The article is sure to stoke some controversy among ED veterans, professionals, and families. Although it's not clear in the piece, I'm actually a true believer in FULL recovery, both physical and psychological. But as the journalist, Abby Ellin, rightly points out, there is great variety in the definition of recovery. I applaud her for highlighting the cognitive, emotional and other psychological aspects of recovery, in addition to gains of weight and healthy eating behavior.
Abby and I talked at some length about the role of the insurance industry in "restricting" the definition of recovery in order to deny coverage for extended treatment. Space constraints prevented her from examining this critical issue, but I hope the Times will pursue it in another article.
I am a little concerned, though, that readers will view this article as bad news for those in recovery. To brighten the picture, I'd just like to stress a few important points that did not make it into the piece:
- The sooner you begin treatment with a professional eating disorder specialist, and the more you yourself genuinely want to recover, the greater your chances will be for full recovery.

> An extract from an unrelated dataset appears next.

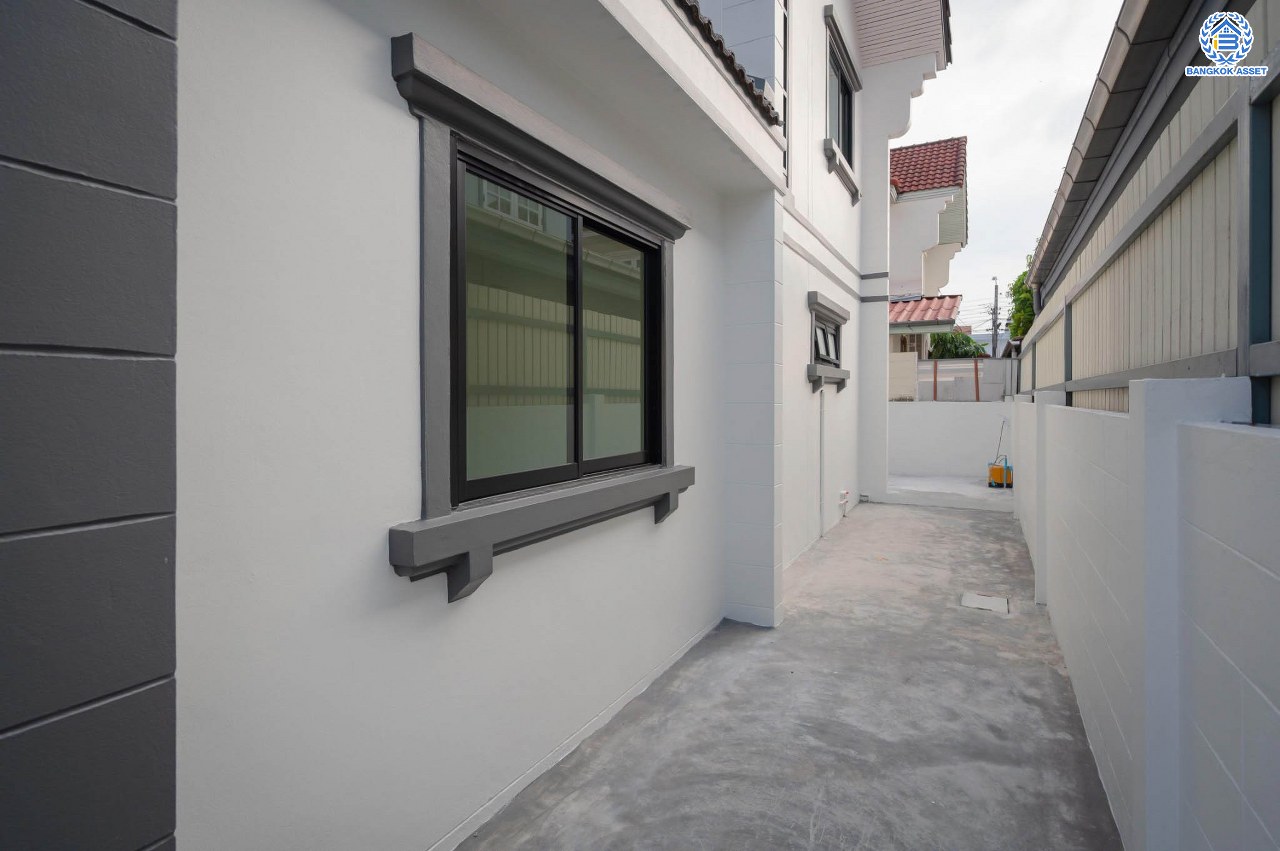 บ้านมือสองตกแต่งใหม่ โครงการ มณียา3 รัตนาธิเบศร์-ท่าอิฐ แบรนด์ Property Perfect หลังใหญ่ เนื้อที่ 61.3 ตร.ว. ฟังก์ชันครบ 3 ห้องนอน 2 ห้องน้ำ 1 ห้องอเนกประสงค์ 3 ที่จอดรถ บนทำเลเชื่อมต่อถนนรัตนาธิเบศร์ และถนนราชพฤกษ์ ใจกลาง 2 เซ็นทรัลฯ ใกล้ MRT "สถานีบางรักน้อยท่าอิฐ" และทางด่วน "งามวงศ์วาน"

- No one can agree on a single timeline or pattern for recovery, because every case is different. The time it takes to recover will necessarily depend on age, physical condition, the degree of severity and duration of the illness, the quality and duration of treatment, and the strength and health of relationships and support networks -- among other factors.
- This article focuses on anorexia nervosa -- implicitly, restricting anorexia -- which has the highest level of genetic vulnerability of all the EDs, and is the most difficult to treat.That said, restricting anorexia nervosa also represents the smallest piece of the eating disorder "pie." Vastly more people wrestle with binge eating, bulimia, and EDNOS. It's unfortunate that the article did not have a broader focus, since the prognosis for full physical and psychological recovery is much more encouraging for these other eating disorders.
Personally, I absolutely consider myself fully recovered. The key for me lay in recognizing that the half-life of eating disorders -- free of food obsessions and compulsions but still mired in self-criticism and perfectionistic thinking -- is far from a full life of health. As long as I remained stuck in the half-life, I remained vulnerable to relapse. Writing my last book, Gaining, and working with an extremely gifted therapist on my whole life's health helped me reach full recovery at last.
Fortunately, more and more ED therapists now take a much more holistic view of treatment and of health. As a result, many of the contributors to my new book also consider themselves fully recovered. I hope you will find wisdom and inspiration in their words. Recovery really IS within reach.